Here's an example of the macro in use.
ffi_fn! {
/// Get a mutable pointer to a newly-created default message on the heap.
fn message_new() -> *mut Message {
let message = Message::default();
ptr::raw_to(message)
} {
ptr::null_mut_to::<Message>()
}
}
For destructors, or other functions which have no return value, no second block is required.
ffi_fn! {
/// Destroy the `Message` being pointed to.
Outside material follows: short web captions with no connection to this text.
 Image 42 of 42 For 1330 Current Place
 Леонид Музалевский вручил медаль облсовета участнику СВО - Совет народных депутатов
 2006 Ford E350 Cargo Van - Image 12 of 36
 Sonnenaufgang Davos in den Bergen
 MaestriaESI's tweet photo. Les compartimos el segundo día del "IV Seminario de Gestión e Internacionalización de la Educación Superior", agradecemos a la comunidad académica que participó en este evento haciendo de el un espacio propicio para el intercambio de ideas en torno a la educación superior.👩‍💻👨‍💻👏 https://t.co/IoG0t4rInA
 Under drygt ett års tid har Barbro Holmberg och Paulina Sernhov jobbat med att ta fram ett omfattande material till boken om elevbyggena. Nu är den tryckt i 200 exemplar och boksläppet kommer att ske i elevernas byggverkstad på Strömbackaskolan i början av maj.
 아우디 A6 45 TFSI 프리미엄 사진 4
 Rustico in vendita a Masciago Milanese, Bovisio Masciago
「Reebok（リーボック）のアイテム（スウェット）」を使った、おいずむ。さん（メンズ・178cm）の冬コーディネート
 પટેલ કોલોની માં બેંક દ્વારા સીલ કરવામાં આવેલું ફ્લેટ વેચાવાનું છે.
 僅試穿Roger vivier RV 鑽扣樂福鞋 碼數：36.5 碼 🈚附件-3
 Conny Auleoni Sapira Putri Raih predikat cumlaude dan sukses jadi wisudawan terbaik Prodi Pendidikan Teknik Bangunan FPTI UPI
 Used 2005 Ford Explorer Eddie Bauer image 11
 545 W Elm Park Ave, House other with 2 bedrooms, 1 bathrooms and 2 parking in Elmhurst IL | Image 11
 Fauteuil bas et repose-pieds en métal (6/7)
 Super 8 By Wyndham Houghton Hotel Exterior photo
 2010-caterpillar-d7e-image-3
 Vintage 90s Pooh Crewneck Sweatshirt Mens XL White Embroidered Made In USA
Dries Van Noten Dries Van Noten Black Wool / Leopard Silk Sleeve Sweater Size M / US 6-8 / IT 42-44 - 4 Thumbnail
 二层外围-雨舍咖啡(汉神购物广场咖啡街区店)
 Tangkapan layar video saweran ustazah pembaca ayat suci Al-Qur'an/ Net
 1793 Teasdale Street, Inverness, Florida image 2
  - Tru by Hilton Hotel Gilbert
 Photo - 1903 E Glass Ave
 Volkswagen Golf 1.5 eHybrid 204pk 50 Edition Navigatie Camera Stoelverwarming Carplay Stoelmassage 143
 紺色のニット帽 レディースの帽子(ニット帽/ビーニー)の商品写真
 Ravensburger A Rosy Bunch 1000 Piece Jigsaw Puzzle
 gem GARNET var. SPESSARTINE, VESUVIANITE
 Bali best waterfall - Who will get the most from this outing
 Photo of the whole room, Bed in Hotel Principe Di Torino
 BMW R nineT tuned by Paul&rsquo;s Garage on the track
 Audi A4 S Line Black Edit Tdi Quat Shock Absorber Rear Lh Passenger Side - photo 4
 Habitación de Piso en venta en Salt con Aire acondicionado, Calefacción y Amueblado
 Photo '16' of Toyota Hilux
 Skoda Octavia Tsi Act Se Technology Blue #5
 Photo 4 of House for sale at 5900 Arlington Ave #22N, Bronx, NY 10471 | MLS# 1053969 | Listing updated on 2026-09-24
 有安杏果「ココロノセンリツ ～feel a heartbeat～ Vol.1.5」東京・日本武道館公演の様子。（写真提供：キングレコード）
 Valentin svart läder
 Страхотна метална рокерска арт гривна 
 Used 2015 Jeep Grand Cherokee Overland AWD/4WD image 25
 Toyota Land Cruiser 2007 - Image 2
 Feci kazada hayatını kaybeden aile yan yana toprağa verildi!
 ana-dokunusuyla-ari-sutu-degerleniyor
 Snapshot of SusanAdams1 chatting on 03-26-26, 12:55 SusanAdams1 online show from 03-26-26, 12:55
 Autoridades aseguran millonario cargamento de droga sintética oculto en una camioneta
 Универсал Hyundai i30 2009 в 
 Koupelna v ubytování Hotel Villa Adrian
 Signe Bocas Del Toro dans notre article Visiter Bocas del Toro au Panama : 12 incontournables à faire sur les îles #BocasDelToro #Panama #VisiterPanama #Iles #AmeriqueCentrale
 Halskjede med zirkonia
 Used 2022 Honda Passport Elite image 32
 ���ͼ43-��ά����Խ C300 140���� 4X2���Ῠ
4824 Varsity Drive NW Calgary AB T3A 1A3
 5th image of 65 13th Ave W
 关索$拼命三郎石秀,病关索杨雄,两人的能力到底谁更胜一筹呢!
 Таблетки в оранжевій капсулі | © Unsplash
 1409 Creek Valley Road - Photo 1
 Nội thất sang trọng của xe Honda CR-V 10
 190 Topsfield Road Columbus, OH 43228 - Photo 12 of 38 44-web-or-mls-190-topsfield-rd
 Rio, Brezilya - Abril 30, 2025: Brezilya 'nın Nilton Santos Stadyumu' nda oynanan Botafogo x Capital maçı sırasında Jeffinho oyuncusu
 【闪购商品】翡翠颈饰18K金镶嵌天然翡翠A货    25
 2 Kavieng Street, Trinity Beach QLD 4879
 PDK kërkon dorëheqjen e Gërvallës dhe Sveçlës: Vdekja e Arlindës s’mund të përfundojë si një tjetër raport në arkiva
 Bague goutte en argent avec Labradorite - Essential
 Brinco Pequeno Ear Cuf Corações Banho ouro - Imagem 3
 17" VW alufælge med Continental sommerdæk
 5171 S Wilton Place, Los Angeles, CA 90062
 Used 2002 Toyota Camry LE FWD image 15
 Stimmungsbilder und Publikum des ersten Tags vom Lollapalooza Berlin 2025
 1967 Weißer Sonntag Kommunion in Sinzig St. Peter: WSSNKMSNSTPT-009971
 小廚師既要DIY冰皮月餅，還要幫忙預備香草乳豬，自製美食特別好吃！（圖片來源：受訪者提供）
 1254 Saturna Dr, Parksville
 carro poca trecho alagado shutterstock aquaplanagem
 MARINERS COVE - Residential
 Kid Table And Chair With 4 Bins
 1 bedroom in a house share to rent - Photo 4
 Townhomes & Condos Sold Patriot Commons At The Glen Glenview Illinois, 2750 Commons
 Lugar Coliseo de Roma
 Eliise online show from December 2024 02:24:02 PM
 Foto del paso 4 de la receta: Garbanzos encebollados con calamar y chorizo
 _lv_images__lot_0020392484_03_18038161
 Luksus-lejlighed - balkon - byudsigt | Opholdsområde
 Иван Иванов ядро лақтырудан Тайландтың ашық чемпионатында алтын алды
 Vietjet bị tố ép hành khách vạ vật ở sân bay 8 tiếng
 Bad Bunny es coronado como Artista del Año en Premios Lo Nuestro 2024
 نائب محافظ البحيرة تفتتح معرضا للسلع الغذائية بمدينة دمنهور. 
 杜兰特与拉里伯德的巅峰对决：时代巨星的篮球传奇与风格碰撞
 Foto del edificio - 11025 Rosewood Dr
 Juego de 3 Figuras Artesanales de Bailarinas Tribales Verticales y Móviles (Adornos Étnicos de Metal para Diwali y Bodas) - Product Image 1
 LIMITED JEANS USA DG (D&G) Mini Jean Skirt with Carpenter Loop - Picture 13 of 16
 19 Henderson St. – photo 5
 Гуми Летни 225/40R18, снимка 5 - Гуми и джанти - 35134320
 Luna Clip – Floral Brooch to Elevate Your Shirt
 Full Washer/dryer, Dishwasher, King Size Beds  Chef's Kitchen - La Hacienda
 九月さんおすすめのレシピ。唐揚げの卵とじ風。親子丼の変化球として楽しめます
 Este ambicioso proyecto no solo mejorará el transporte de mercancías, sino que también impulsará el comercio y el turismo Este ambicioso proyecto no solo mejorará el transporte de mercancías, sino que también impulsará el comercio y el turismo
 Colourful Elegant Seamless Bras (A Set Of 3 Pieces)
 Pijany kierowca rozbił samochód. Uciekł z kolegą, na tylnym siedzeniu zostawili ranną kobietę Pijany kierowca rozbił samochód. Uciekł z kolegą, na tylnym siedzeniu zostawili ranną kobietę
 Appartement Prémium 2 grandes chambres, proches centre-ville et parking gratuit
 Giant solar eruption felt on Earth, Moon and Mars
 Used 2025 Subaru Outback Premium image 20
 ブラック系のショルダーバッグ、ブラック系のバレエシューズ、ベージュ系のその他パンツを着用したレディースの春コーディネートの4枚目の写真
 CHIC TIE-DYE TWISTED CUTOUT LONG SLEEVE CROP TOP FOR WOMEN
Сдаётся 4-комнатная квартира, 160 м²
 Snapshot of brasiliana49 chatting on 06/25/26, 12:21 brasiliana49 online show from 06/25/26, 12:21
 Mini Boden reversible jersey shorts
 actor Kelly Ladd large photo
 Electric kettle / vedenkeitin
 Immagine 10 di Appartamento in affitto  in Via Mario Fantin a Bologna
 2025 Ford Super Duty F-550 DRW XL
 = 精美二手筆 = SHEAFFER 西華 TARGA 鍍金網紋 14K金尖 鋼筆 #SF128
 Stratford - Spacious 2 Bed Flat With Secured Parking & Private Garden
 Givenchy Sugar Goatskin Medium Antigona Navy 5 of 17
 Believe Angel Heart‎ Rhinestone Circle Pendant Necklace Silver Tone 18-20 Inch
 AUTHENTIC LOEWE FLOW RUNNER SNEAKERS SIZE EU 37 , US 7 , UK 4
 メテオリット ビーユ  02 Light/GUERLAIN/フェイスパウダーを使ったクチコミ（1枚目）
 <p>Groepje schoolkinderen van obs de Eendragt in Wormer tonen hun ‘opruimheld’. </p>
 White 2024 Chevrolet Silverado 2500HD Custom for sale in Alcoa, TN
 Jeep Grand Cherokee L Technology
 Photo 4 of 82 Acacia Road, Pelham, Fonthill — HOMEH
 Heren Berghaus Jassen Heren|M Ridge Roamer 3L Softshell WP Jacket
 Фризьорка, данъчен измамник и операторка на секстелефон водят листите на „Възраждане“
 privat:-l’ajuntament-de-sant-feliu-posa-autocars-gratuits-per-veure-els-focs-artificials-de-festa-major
fn message_delete(message: *mut Message) {
ptr::drop_raw(message);
}
}
Opaque Pointers​
The pact_matching_ffi
crate is non-invasive, meaning it
doesn't involve the modification of types in pact_matching
to be exposable
over the FFI boundary (which would at minimum mean marking them #[repr(C)]
).
Instead, we expose types in almost all cases as an "opaque pointer," meaning
C knows the name of the type, but not its contents, and works only with
pointers to that type.
On the one hand, this is convenient, because it keeps the FFI boundary clear and separate. On the other hand, it means that C code has to make function calls to the Rust side rather than accessing fields directly, and that certain optimizations may be missed because of the indirection. This can be addressed at least in part through use of cross-language Link Time Optimization (LTO)
Strings​
For the most part, to avoid issues with buffer sizing and fallible operations
against output parameters, the pact_matching_ffi
crate is designed, when
returning strings, to return them as const char *
, pointing to a
heap-allocated string buffer which must be deleted by calling the provided
string_delete
function when finished.
One exception is returning the error message, where the user provides a buffer and the size of that buffer, and the operation to fill the buffer with the error message may fail. This is because error handling is expected to be very common, so buffer reuse is ideal.
Additionally, pact_matching_ffi
returns exclusively UTF-8-encoded strings,
and expects all strings it receives to be UTF-8 encoded.
Buffers​
Whenever pact_matching_ffi
writes to a buffer, it zeroes out any excess
capacity in the buffer for security reasons.